== TASK MATERIAL ==

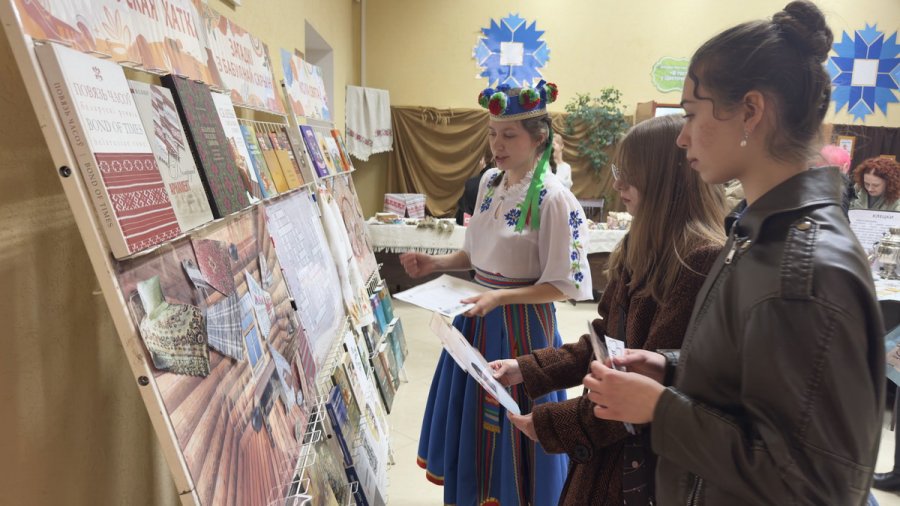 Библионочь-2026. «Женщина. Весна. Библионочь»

...

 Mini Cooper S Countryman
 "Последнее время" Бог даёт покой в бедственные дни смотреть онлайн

== BRIEF ==
Set down exactly the lines of the data above, beginning with the line that has "Mini Cooper S Countryman" and ending with the line that has "дни смотреть онлайн", and no others.

== ANSWER SPACE ==
 Mini Cooper S Countryman
 "Последнее время" Бог даёт покой в бедственные дни смотреть онлайн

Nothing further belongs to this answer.